Steganosystems comprise a cover object, which is the unaltered medium, a cover process, where we hide the message through the process of embedding, to produce the stego-object.

Finally, there is a recovering process, where the receiver extracts the hidden message using the key. As a security requirement, the stego-objects should be indistinguishable from the cover objects they were created from.

Textual Steganography

This is the process of hiding messages in formatted texts. We could either add a message every \(n\)-th character, or at offsets from the start of each work. We can also distribute plaintext letters randomly in the cover text, then use a mask over the writing to read it.

Furthermore, using errors or stylistic features at predetermined points in the cover data, such as word shifting encoding can be done by altering the whitespace on the page.

Null Cipher

"Apparently neutral's protest is thoroughly discounted and ignored. Isman hard hit. Blockade issue affects pretext for embargo on by products, ejecting suets and vegetable oils."

Take the second letter of each of the word, and "Pershing sails from NY June 1" can be extracted from the text.

Visual Steganography

Real images or audio files can lose approximately 3% of their information before the degradation becomes noticeable in the picture or audio. We can use this to hide messages in images. A 24-bit full colour image comprises 3 8-bit RGB or CMY values. We can take the LSB of each plane and use this for a secret message. GIF stores an 8-bit pointer to 256 colours. The distribution and palette are optimized for each image.

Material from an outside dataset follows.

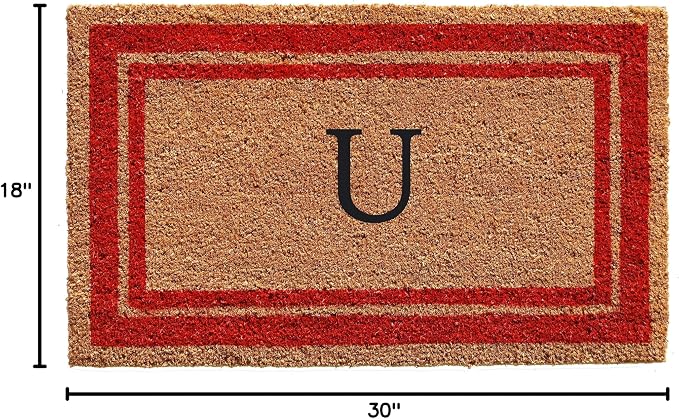 Calloway Mills 153031830U Red Border 18" x 30" Monogram Doormat - Image 2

Taking the LSB from this and the palette is reduced to 128 bits, which might not be enough. JPEG splits the scene into 8x8 blocks and applies a cosine transform to compress the data. JPEG is noisy but we can hide date within cosine frequencies and amplitudes.

Tools such as Steganography Studio and OpenStego are free tools that can be used for steganography.

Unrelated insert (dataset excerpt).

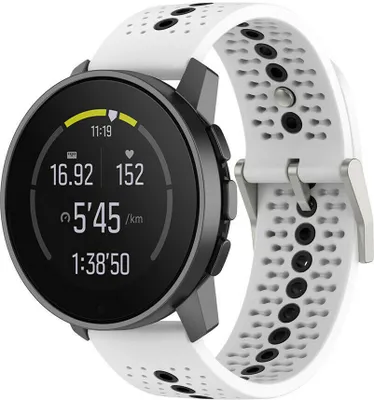 Produktbild von Strap-it Suunto 9 Peak Silikonarmband (Weiß/Schwarz)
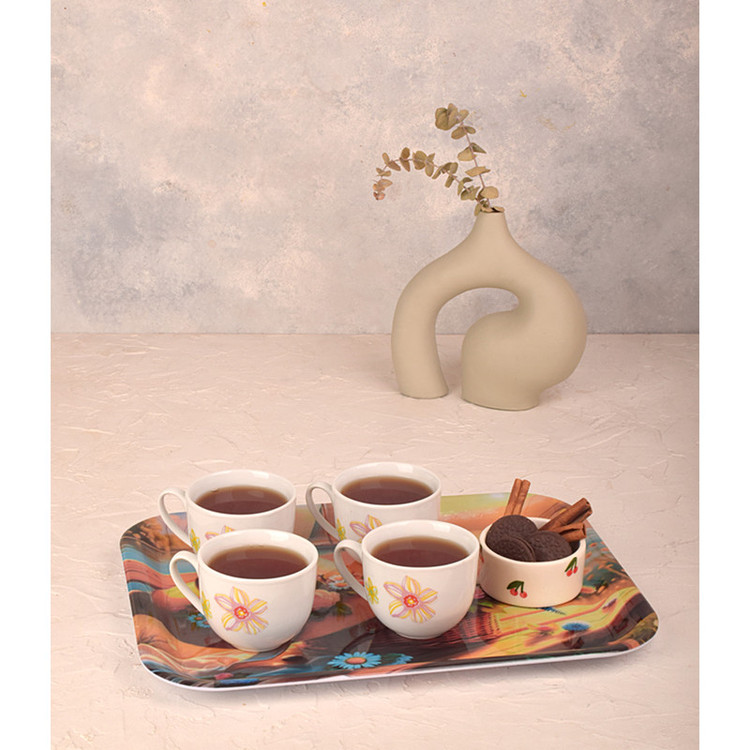 سینی بدون دسته مهروز مدل 7772 کلاه سایز 29×38 سانتی متر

Terminology for Modern Cryptosystems

Private Key Cryptography

This makes use of symmetric algorithms, and a single key for reading and writing the data. The key is shared between the sender and the recipient. As a sidenote, a symmetric cipher is often used as a session key after the initial asymmetric cipher is setup, as it is faster and more secure.

Public Key Cryptography

These form the asymmetric algorithms. We generate two keys, the private and the public key. We can encrypt with the public key of another user, for e.g., sending them documents, then they can decrypt using their private key. We may also use our private key to sign a document and a remote user can use our public key to verify that the document has not been tampered with.

This type of cryptography relies on trapdoor one way functions, and if these are found to be reversible, such as with Shor's Algorithm, then this has huge implications for modern cryptography and is why we are looking to move towards quantum.

One Way Functions

Essentially, given \(x\), \(f(x)\) should be trivial. Given \(y\), evaluation of \(f^{-1}(y)\) should prove computationally difficult. Discrete log is a good example of this.

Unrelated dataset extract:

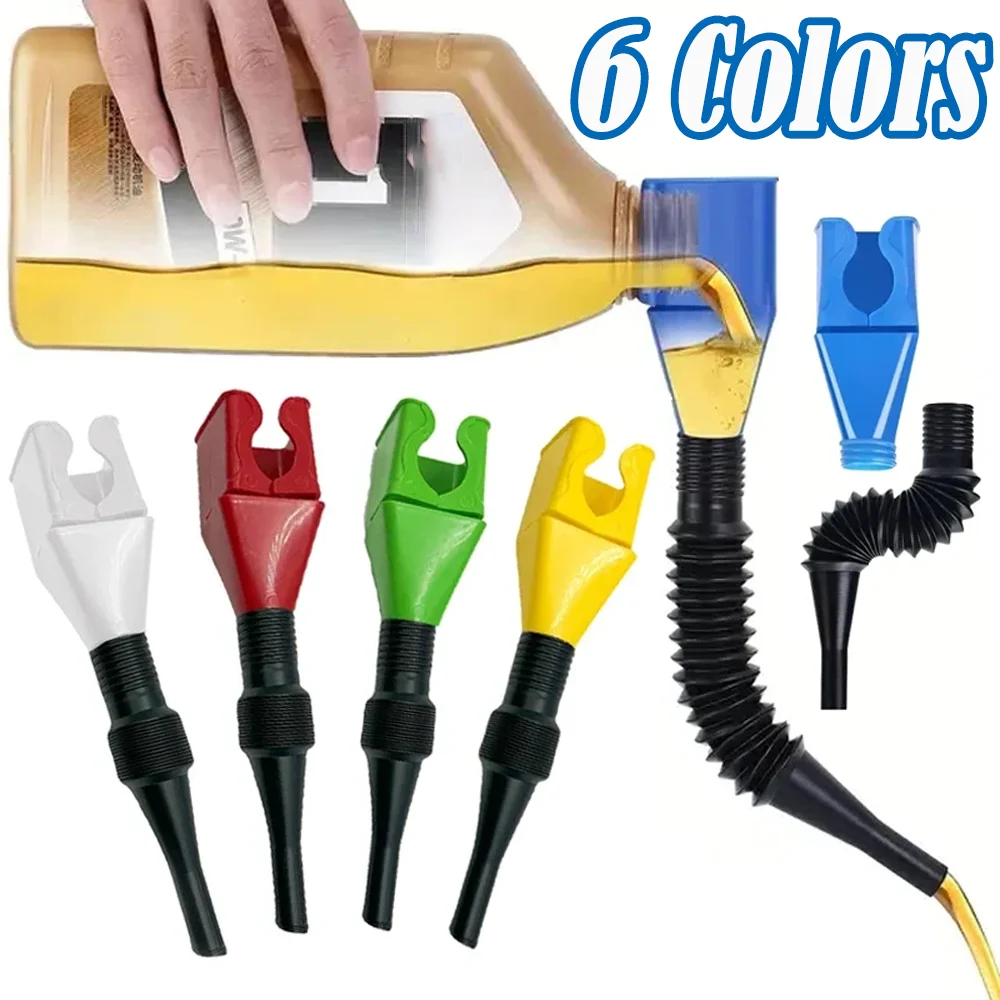 

Plastic Car Motorcycle Refueling Gasoline Engine Oil Funnel Filter Transfer Tool Oil Change Oil Funnel Accesorios Para Automóvil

Trap Door One Way Functions

This is where we construct a pair of functions \(f, g = f^{-1}\). Given \(x\), evaluation of \(f(x)\) is trivial. Given only \(f\) and \(y\), evaluation of \(f^{-1}(y)\) is computationally difficult. Given \(g,y\) \(f^{-1}(y) = g(y)\) should be trivial. A good example of this is RSA.

Other Properties

One specific type of attack is the known plaintext attack. This is where the attacker knows \(C\), the ciphertext, and \(P\), the plaintext. Knowing these, we should only ever be able to reveal the public key.

We should also make it computationally difficult to generate the private key from the public key. As mentioned earlier, public algorithms are orders of magnitude (\(10^3\)) slower than symmetric ciphers, so we generate (carefully) a random session key, which we encrypt with the third party's public key.

Asymmetric systems are also vulnerable to exhaustive enumeration of plaintexts. We generate pairs of plaintexts and ciphertexts until the ciphertexts match. When they match, then the plaintext has been found. We therefore salt the plaintext to produce a different ciphertext.